PricewaterhouseCoopers (PWC) has just published a major 58-pp report on linked data in the enterprise. The report features insightful interviews with many industry practitioners as well as PWC’s own in-depth and thorough research. I think this report is a most significant event: it represents the first mainstream recognition of the potential importance of linked data and semantic Web technologies to the business of data interoperability within the enterprise.
This entire issue is uniformly excellent and well-timed. PWC has done a superb job of assembling the right topics and players. The report has three feature articles interspersed with four in-depth interviews. The target audience is the enterprise CIO with much useful explanation and background. Applications discussed range from standard business intelligence to energy and medicine.

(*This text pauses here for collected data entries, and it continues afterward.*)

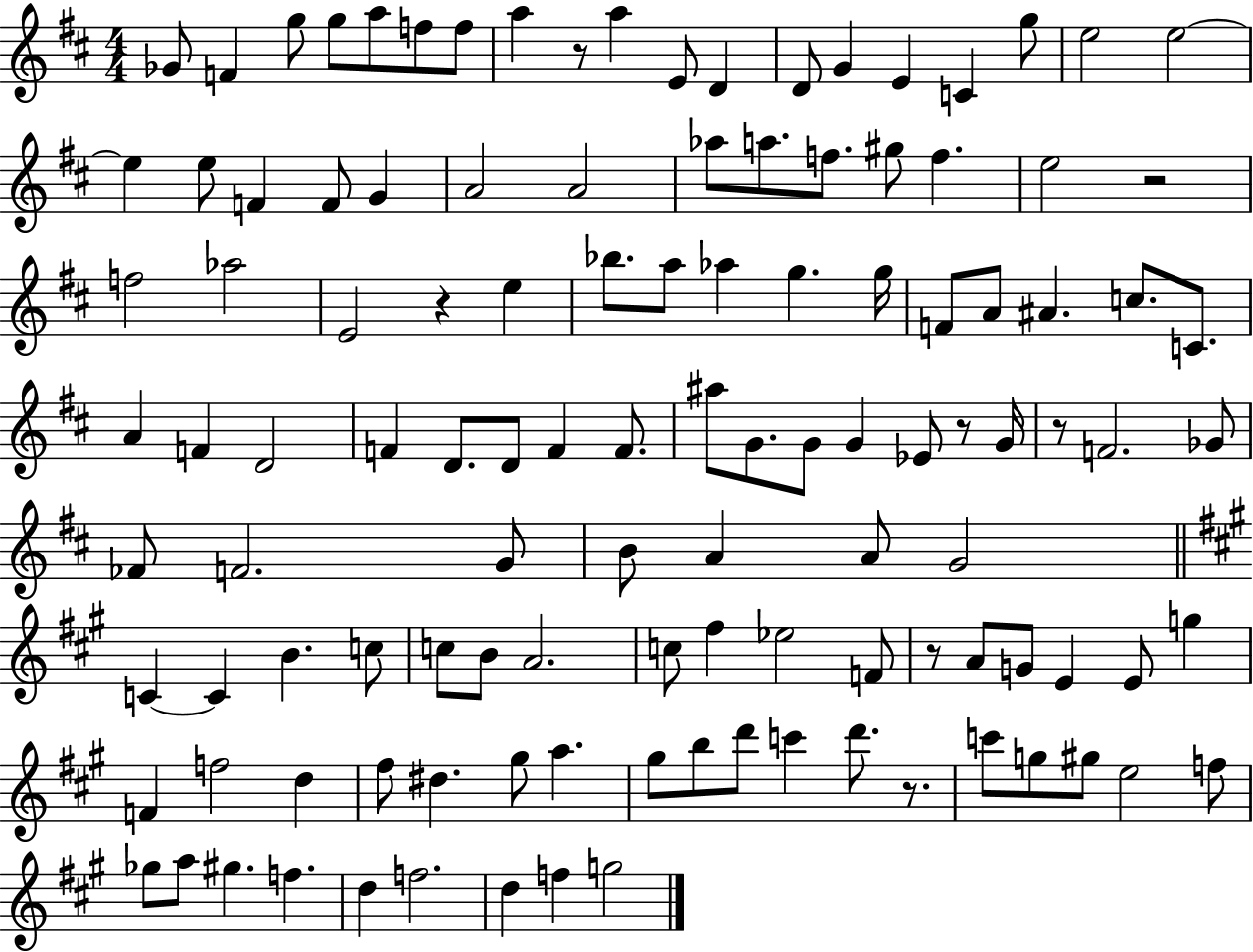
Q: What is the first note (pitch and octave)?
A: Gb4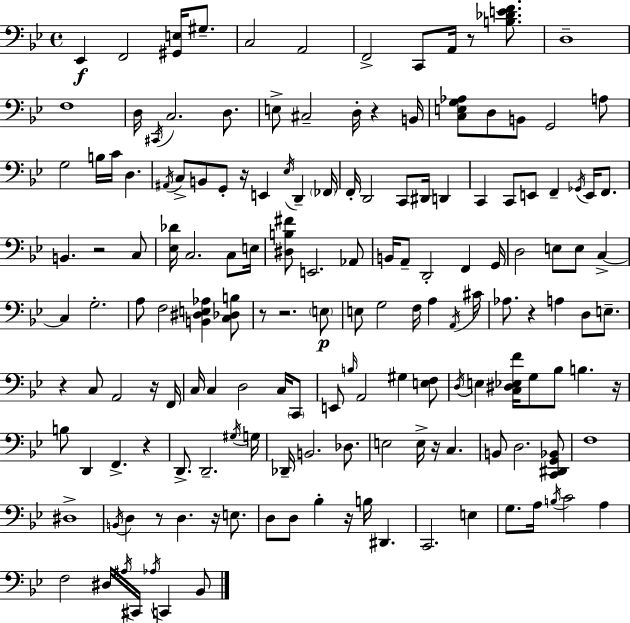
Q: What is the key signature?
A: BES major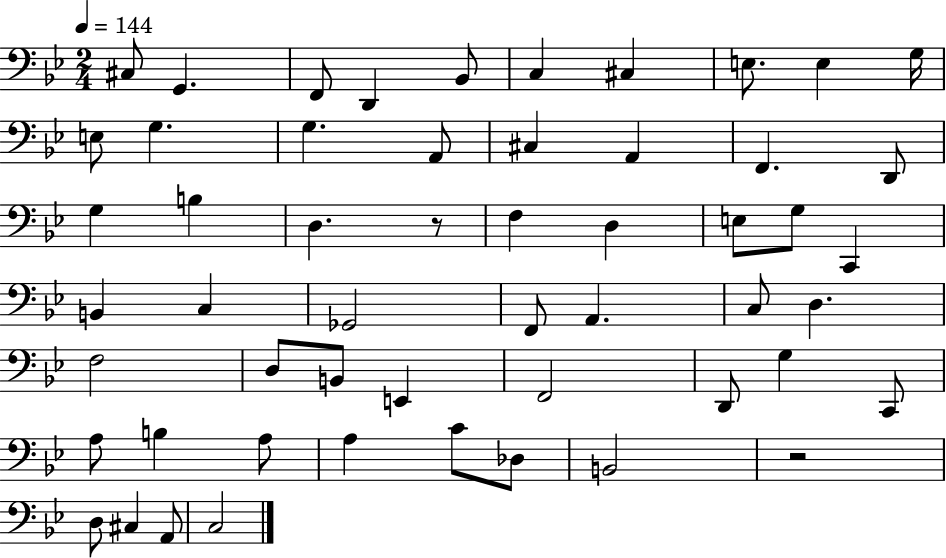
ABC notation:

X:1
T:Untitled
M:2/4
L:1/4
K:Bb
^C,/2 G,, F,,/2 D,, _B,,/2 C, ^C, E,/2 E, G,/4 E,/2 G, G, A,,/2 ^C, A,, F,, D,,/2 G, B, D, z/2 F, D, E,/2 G,/2 C,, B,, C, _G,,2 F,,/2 A,, C,/2 D, F,2 D,/2 B,,/2 E,, F,,2 D,,/2 G, C,,/2 A,/2 B, A,/2 A, C/2 _D,/2 B,,2 z2 D,/2 ^C, A,,/2 C,2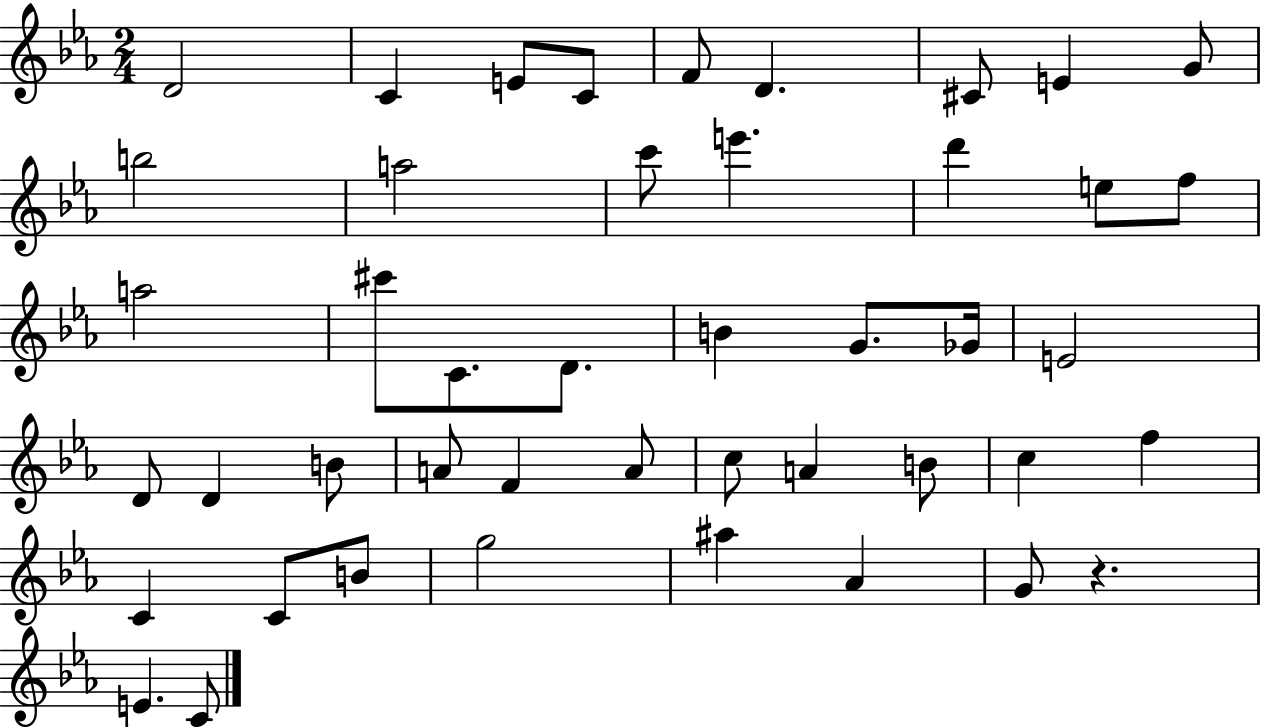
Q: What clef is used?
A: treble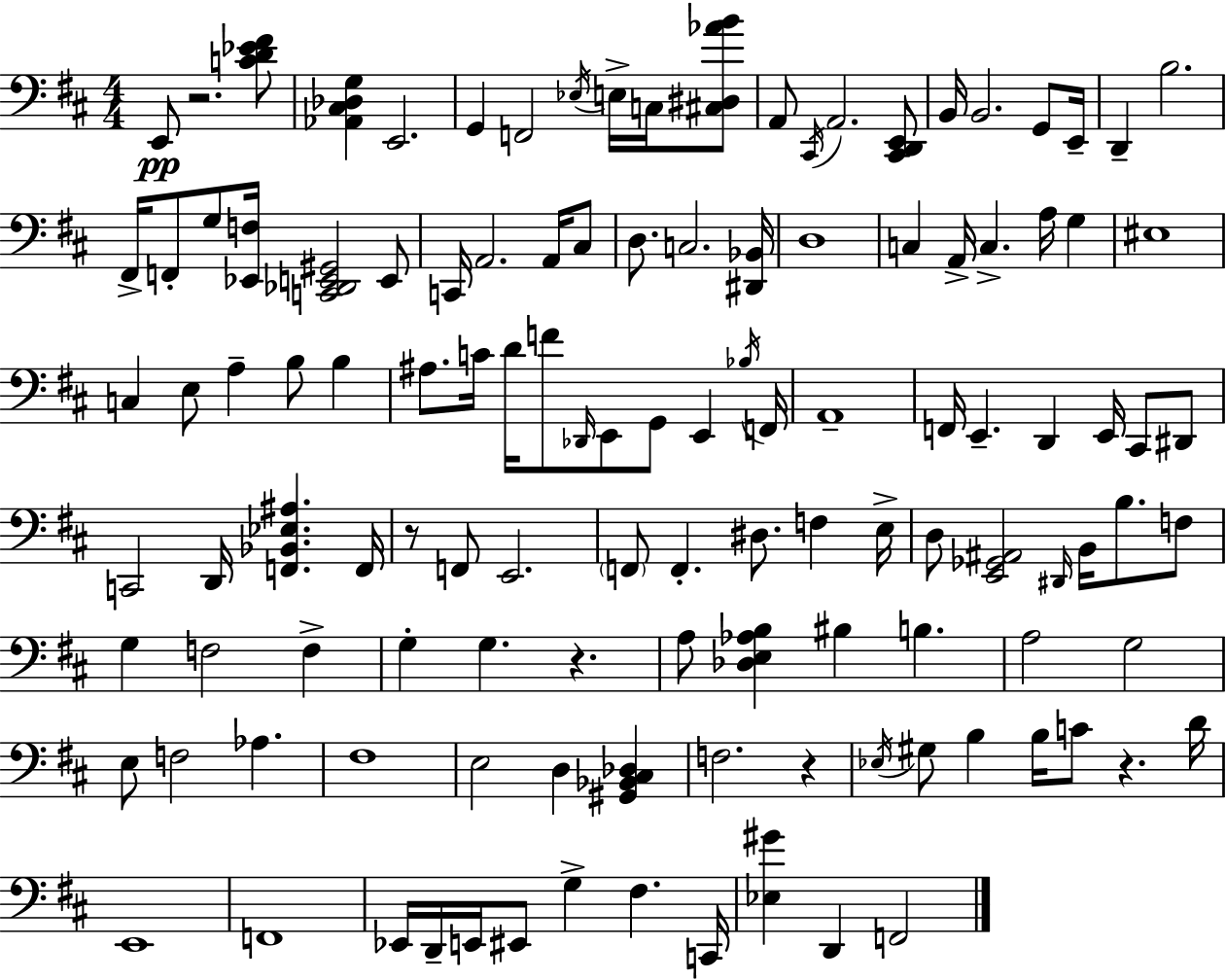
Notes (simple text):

E2/e R/h. [C4,D4,Eb4,F#4]/e [Ab2,C#3,Db3,G3]/q E2/h. G2/q F2/h Eb3/s E3/s C3/s [C#3,D#3,Ab4,B4]/e A2/e C#2/s A2/h. [C#2,D2,E2]/e B2/s B2/h. G2/e E2/s D2/q B3/h. F#2/s F2/e G3/e [Eb2,F3]/s [C2,Db2,E2,G#2]/h E2/e C2/s A2/h. A2/s C#3/e D3/e. C3/h. [D#2,Bb2]/s D3/w C3/q A2/s C3/q. A3/s G3/q EIS3/w C3/q E3/e A3/q B3/e B3/q A#3/e. C4/s D4/s F4/e Db2/s E2/e G2/e E2/q Bb3/s F2/s A2/w F2/s E2/q. D2/q E2/s C#2/e D#2/e C2/h D2/s [F2,Bb2,Eb3,A#3]/q. F2/s R/e F2/e E2/h. F2/e F2/q. D#3/e. F3/q E3/s D3/e [E2,Gb2,A#2]/h D#2/s B2/s B3/e. F3/e G3/q F3/h F3/q G3/q G3/q. R/q. A3/e [Db3,E3,Ab3,B3]/q BIS3/q B3/q. A3/h G3/h E3/e F3/h Ab3/q. F#3/w E3/h D3/q [G#2,Bb2,C#3,Db3]/q F3/h. R/q Eb3/s G#3/e B3/q B3/s C4/e R/q. D4/s E2/w F2/w Eb2/s D2/s E2/s EIS2/e G3/q F#3/q. C2/s [Eb3,G#4]/q D2/q F2/h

The emphasis on the linked data aspect is a strong one. PWC puts twin emphases on ontologies and the enterprise perspective (naturally). This is a refreshing new perspective for the linked data community, which at times could be accused a bit of being myopic with regard to: 1) open data only; 2) instance records (RDF and no OWL, with little discussion of domain or concept ontologies); and 3) sometimes a disdain for the business perspective (as opposed to the academic).
PWC has done a great job of getting beyond some of the community's own prejudices in order to couch this in CIO and enterprise terms. This signals to me the transition from the lab to the marketplace, with all of its consequent challenges and advantages.
In short: Bravo! This is a very good piece and will, I think, put PWC ahead of the curve for some time to come.
I was very pleased to have the opportunity to review earlier drafts of this major report. After reading a couple of my recent papers on Shaky Semantics and the Advantages and Myths of RDF, with the latter cited in the piece, I had a chance to have a fruitful dialog with one of the report’s editors, Alan Morrison, who is a manager in PWC’s Center for Technology and Innovation (CTI). He kindly solicited my comments and incorporated some suggestions.
The report also lists 14 various semantic technology vendors and service providers. I’m pleased to note that PWC included our small Structured Dynamics firm as part of its listing. Other vendors listed include Cambridge Semantics, Collibra, Metatomix, Microsoft, OpenLink Software, Oracle, Semantic Discovery Systems, Talis, Thomson Reuters, TopQuadrant and Zepheira, with the selected service providers of Radar Networks and AdaptiveBlue.
This report is easy — but important — reading. I personally enjoyed the insights of Frank Chum of Chevron, a new name for me. I encourage all in the field to read and study the entire report closely. I think this report will be an important milestone for the semantic Web in the enterprise for quite some time to come.
After a brief sign-up, the 58-pp report is available for free download.